[TASK GOAL] Each entry is to be retyped exactly as it appears, and each image is to be dropped.

[RECORDS FOR THIS TASK]
--------

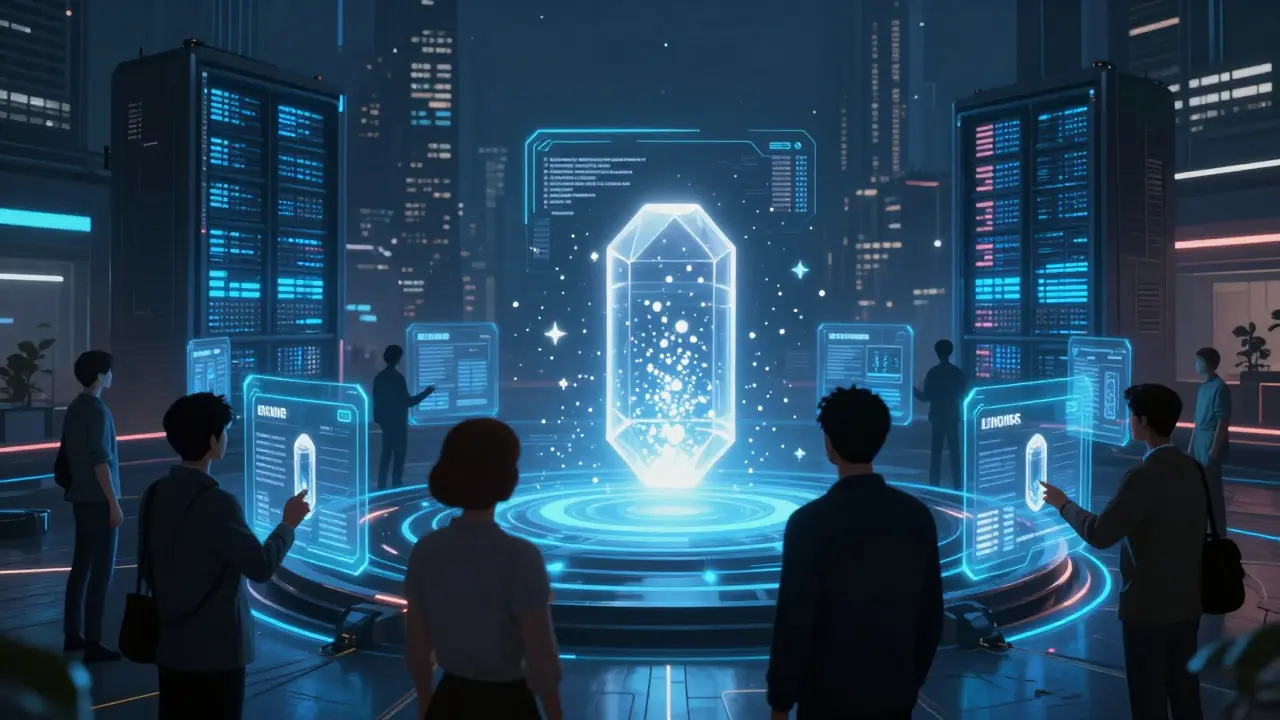 Anonymous citizens casting encrypted votes in futuristic cyberpunk square
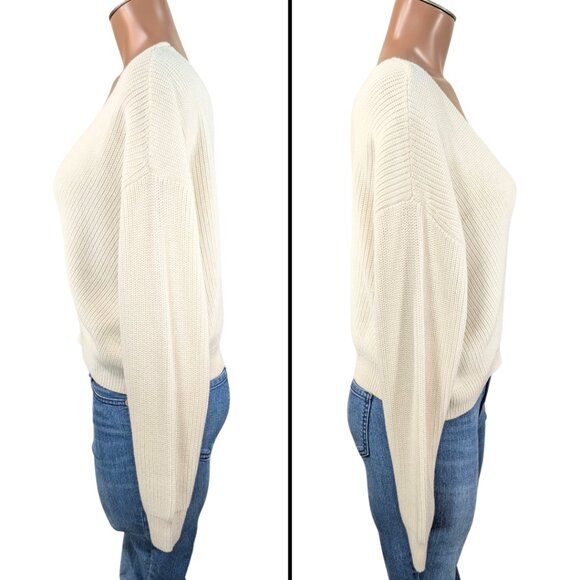 SOLDlulu's XS Cream Cropped Cableknit V-Neck Long Sleeve 'Feel It Still' Sweater - Picture 3 of 8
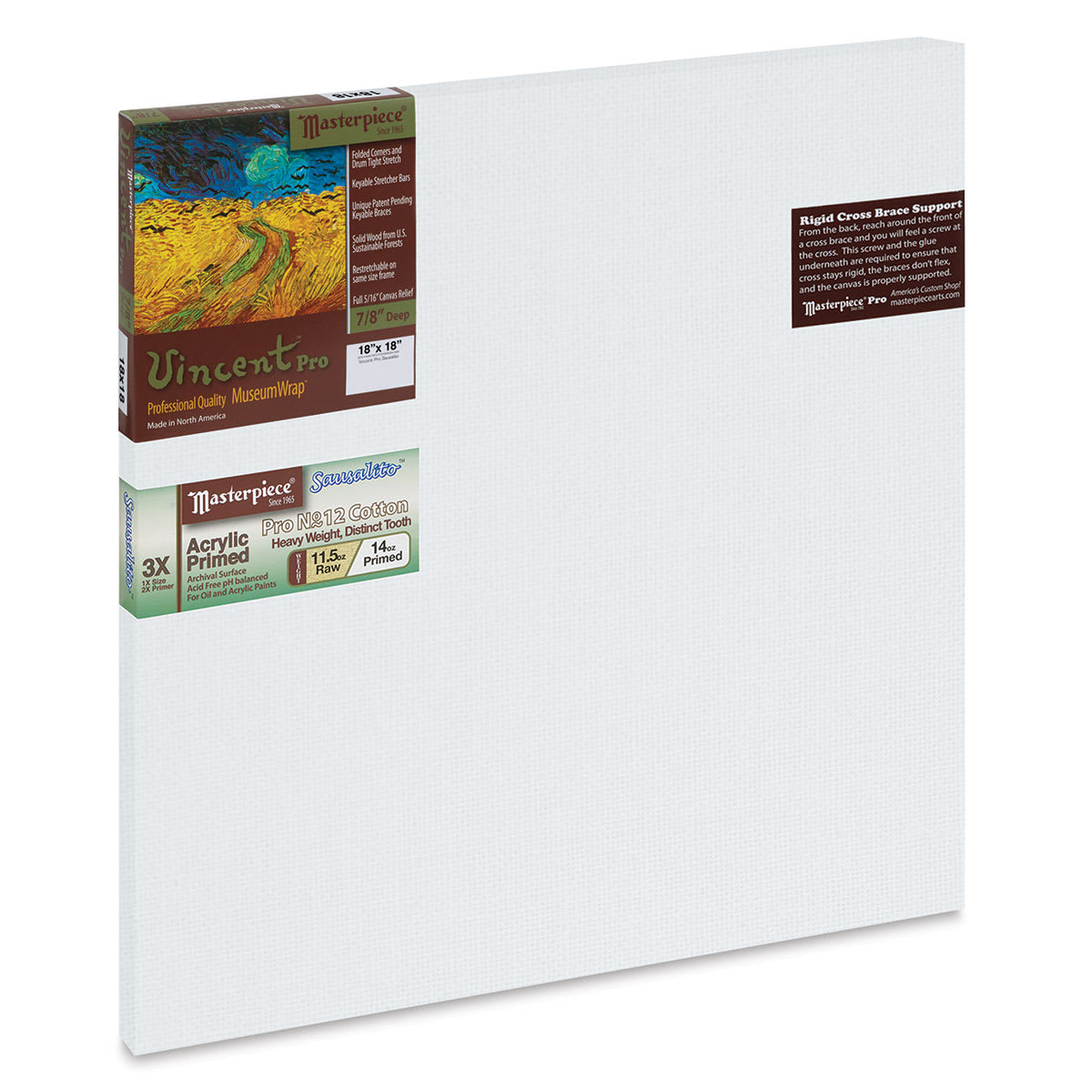 Masterpiece Vincent Pro Sausalito Cotton Canvas - 18" x 18", Acrylic Primed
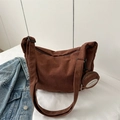 Coffee brown corduroy crossbody bag with wide strap and mini round coin pouch charm - Dark Brown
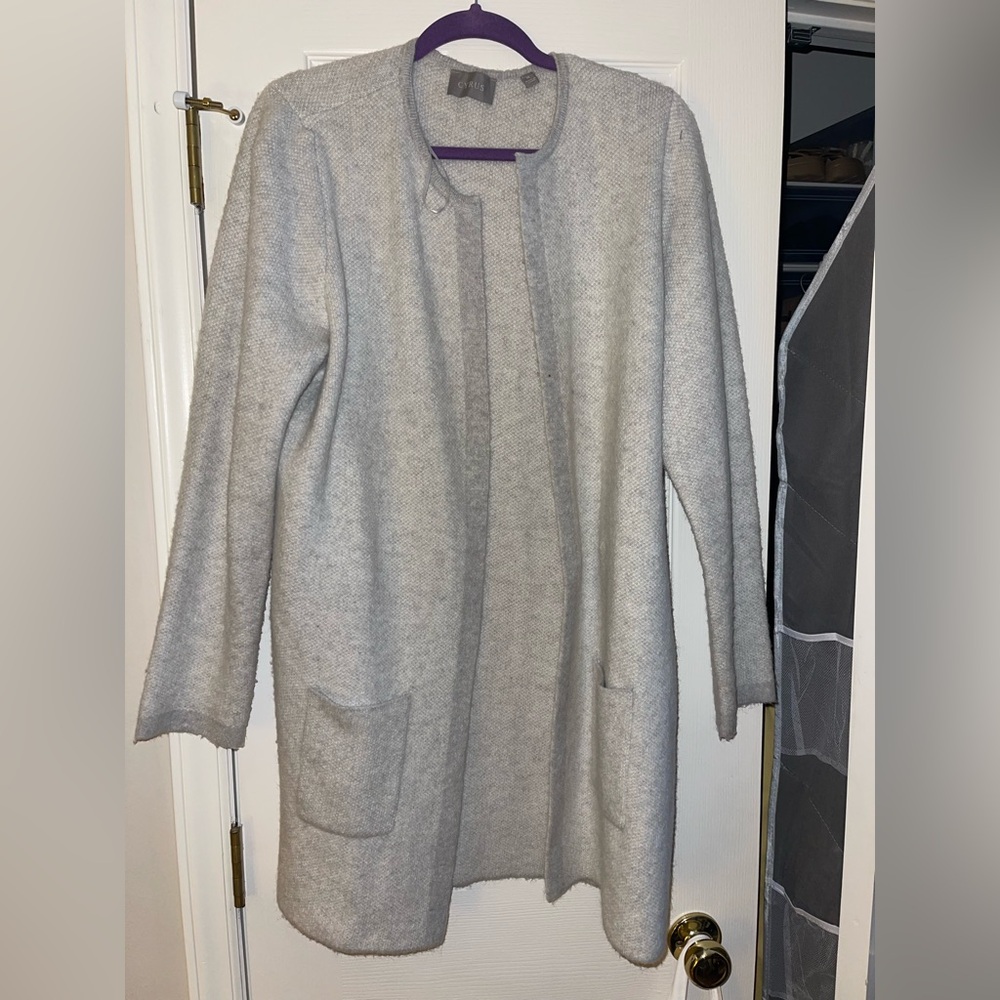 Cyrus Soft Gray Sweater Coat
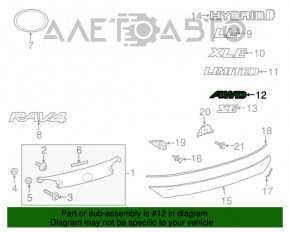 Emblema cu inscripția "AWD" de pe ușa portbagajului Toyota Rav4 13-18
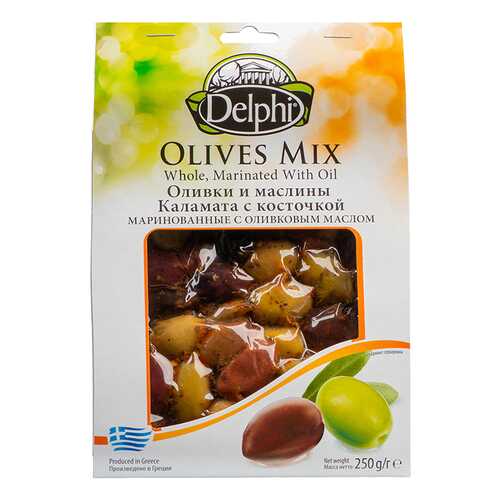 Смесь оливок Каламата с косточкой Delphi 250 г, Греция в ВкусВилл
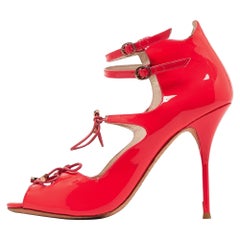 Sophia Webster Sandalias con correa en el tobillo de charol rosa neón talla 39,5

--------

[WRITTEN REPLY]
 Anonymous citizens casting encrypted votes in futuristic cyberpunk square
 SOLDlulu's XS Cream Cropped Cableknit V-Neck Long Sleeve 'Feel It Still' Sweater - Picture 3 of 8
 Masterpiece Vincent Pro Sausalito Cotton Canvas - 18" x 18", Acrylic Primed
 Coffee brown corduroy crossbody bag with wide strap and mini round coin pouch charm - Dark Brown
 Cyrus Soft Gray Sweater Coat
 Emblema cu inscripția "AWD" de pe ușa portbagajului Toyota Rav4 13-18
 Смесь оливок Каламата с косточкой Delphi 250 г, Греция в ВкусВилл
 Sophia Webster Sandalias con correa en el tobillo de charol rosa neón talla 39,5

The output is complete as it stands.